Mr Obama's staff also announced that Greg Craig, a former special counsel to President Bill Clinton and also a former State Department official, will become White House counsel when Obama takes office.
Message from Al-Qaeda
Earlier, al-Qaeda number two Ayman Zawahiri ridiculed Mr Obama as a 'house negro' and warned him against sending more troops to Afghanistan.
In an Internet audio message released today Ayman Zawahiri insulted Mr Obama and other black Americans who have held high office in the US administration.
He used the term of insult used by the late black Muslim militant leader Malcolm X for slaves serving their white masters.

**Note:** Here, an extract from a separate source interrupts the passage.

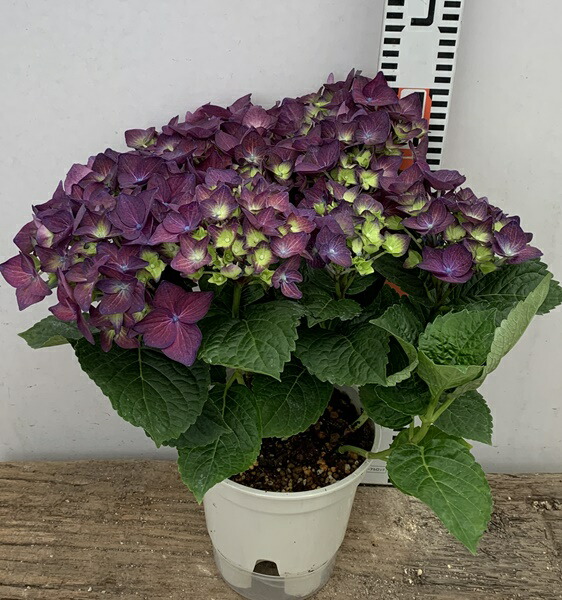 楽天市場 開花株 アジサイ 紫陽花 あじさい ディープパープル 5号 21年入荷株 千草園芸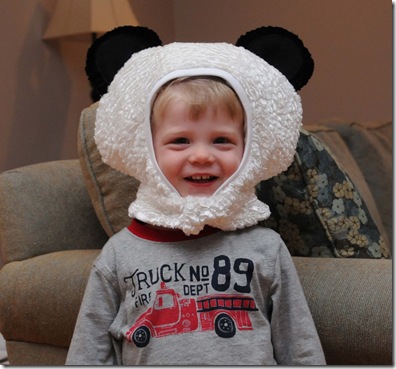 panda_hood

'It is true about you and people like you ... what Malcolm X said about the house negroes,' he said, naming former secretary of state Colin Powell and the current secretary, Condoleezza Rice.
An English transcript of the speech in Arabic purportedly by the al-Qaeda number two was provided by Aa-Qaeda's media arm As-Sahab.
The tape features an old speech by Malcolm X in which he used the two terms, referring to house slaves who were considered more docile and on better terms with their masters than the slaves out in the field.
Mr Obama's transition team declined to comment on the tape, in which Ayman Zawahiri accuses the president-elect of siding with Israel.
But the US State Department said the insult exposed the anti-democratic values of Al-Qaeda.
In the message made available by SITE Intelligence Group in the US, Ayman Zawahiri warned Obama of a 'heavy legacy of failure' awaiting him in office.
'Beware that the (stray) dogs of Afghanistan have savoured the taste of your soldiers' flesh, so do send them in thousands,' said the closest aide to Al-Qaeda chief Osama bin Laden.
In a major interview aired on Sunday, Mr Obama vowed no retreat from his campaign promise to begin pulling troops out of Iraq and switch the military focus to Afghanistan.